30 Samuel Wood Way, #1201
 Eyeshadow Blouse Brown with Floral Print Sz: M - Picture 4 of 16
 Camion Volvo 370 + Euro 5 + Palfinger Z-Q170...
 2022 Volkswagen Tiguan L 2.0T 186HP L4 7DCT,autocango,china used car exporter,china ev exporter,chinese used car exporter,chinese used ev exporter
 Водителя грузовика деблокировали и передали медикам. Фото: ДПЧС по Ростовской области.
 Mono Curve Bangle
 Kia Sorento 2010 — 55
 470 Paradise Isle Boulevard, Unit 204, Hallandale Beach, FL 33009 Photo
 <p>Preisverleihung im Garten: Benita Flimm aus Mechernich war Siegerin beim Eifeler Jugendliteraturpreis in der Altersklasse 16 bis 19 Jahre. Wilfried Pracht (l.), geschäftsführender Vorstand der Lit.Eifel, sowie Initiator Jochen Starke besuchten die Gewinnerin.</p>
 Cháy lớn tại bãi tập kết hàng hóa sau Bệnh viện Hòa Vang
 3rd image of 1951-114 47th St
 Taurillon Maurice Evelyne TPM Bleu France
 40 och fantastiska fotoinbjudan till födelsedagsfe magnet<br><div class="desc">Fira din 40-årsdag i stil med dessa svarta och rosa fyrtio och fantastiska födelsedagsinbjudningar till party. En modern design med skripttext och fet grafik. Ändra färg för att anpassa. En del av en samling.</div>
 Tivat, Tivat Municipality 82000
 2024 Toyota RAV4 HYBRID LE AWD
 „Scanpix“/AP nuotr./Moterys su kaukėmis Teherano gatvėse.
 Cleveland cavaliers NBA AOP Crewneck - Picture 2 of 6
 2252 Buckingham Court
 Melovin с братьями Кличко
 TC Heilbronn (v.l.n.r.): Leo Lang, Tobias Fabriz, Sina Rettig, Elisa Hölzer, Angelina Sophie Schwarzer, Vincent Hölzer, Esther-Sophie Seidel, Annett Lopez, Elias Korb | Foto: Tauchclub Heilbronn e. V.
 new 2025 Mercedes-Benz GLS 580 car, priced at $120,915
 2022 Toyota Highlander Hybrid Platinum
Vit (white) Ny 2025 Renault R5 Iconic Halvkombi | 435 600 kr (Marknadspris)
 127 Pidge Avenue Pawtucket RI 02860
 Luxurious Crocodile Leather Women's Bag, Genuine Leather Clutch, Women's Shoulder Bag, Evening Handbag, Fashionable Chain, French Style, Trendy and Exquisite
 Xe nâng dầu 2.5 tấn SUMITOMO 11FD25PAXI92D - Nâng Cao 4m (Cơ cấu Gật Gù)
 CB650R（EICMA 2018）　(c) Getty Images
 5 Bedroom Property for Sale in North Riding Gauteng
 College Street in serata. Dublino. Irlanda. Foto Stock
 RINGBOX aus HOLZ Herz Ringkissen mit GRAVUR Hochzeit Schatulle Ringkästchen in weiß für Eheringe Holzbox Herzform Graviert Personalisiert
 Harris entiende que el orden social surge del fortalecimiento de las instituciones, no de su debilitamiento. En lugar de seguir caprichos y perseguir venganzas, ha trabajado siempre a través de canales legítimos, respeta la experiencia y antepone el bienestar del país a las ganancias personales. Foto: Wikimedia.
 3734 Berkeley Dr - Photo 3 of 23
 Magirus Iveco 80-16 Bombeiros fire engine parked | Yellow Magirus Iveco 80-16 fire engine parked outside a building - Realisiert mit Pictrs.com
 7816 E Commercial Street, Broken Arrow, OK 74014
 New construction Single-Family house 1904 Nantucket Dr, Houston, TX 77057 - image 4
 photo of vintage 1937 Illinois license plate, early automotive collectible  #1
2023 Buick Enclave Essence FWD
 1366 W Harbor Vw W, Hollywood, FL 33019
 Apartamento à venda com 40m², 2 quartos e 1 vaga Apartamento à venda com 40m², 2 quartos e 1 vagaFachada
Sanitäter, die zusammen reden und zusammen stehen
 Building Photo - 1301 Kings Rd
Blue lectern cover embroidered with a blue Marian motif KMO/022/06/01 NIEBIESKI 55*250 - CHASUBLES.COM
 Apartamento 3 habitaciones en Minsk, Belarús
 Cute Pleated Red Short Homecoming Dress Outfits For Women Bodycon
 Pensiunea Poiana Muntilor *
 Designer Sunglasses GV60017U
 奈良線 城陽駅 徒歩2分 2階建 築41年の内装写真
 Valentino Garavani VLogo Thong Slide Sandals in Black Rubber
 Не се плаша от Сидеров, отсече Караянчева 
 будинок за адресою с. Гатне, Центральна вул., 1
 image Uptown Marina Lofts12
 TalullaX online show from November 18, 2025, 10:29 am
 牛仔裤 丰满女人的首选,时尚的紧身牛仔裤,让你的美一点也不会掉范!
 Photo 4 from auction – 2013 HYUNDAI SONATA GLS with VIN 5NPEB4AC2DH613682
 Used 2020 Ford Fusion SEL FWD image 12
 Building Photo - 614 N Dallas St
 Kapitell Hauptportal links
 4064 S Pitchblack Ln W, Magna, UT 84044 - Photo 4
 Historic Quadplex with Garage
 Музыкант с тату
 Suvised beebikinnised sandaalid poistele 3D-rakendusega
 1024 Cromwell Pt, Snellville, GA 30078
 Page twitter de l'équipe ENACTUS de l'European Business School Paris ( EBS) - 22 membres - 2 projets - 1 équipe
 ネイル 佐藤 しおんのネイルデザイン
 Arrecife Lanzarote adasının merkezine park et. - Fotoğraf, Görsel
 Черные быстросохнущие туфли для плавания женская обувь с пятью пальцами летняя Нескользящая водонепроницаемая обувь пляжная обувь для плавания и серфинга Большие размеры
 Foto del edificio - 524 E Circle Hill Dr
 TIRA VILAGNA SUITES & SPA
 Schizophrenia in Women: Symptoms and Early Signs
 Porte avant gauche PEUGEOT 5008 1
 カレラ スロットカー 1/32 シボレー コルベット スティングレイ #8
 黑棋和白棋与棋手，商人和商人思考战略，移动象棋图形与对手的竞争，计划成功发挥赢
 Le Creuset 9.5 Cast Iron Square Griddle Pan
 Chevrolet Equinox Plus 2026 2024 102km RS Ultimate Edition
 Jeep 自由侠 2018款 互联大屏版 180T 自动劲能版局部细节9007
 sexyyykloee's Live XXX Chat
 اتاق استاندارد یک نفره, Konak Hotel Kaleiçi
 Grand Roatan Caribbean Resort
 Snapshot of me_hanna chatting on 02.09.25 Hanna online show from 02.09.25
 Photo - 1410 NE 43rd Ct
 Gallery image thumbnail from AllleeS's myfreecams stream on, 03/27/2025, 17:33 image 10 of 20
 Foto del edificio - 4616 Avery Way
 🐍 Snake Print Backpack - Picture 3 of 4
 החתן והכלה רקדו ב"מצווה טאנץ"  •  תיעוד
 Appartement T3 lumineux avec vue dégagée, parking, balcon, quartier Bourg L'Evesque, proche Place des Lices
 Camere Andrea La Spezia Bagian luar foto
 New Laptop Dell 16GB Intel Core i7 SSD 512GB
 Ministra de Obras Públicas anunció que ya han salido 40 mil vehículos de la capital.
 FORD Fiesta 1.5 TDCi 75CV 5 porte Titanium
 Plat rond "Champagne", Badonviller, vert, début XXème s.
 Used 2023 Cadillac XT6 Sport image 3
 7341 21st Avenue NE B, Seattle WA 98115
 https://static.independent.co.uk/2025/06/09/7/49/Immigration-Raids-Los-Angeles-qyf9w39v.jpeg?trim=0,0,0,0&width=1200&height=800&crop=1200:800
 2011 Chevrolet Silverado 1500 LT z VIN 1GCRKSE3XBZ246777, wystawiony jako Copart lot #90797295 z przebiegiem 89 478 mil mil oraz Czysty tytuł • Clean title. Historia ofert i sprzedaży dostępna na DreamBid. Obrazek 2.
------------------------
Task to complete »
Please copy the lines above from the line with "Suvised beebikinnised sandaalid" up to and including the line with "TIRA VILAGNA SUITES & SPA", exactly as written and with nothing else.

Response »
 Suvised beebikinnised sandaalid poistele 3D-rakendusega
 1024 Cromwell Pt, Snellville, GA 30078
 Page twitter de l'équipe ENACTUS de l'European Business School Paris ( EBS) - 22 membres - 2 projets - 1 équipe
 ネイル 佐藤 しおんのネイルデザイン
 Arrecife Lanzarote adasının merkezine park et. - Fotoğraf, Görsel
 Черные быстросохнущие туфли для плавания женская обувь с пятью пальцами летняя Нескользящая водонепроницаемая обувь пляжная обувь для плавания и серфинга Большие размеры
 Foto del edificio - 524 E Circle Hill Dr
 TIRA VILAGNA SUITES & SPA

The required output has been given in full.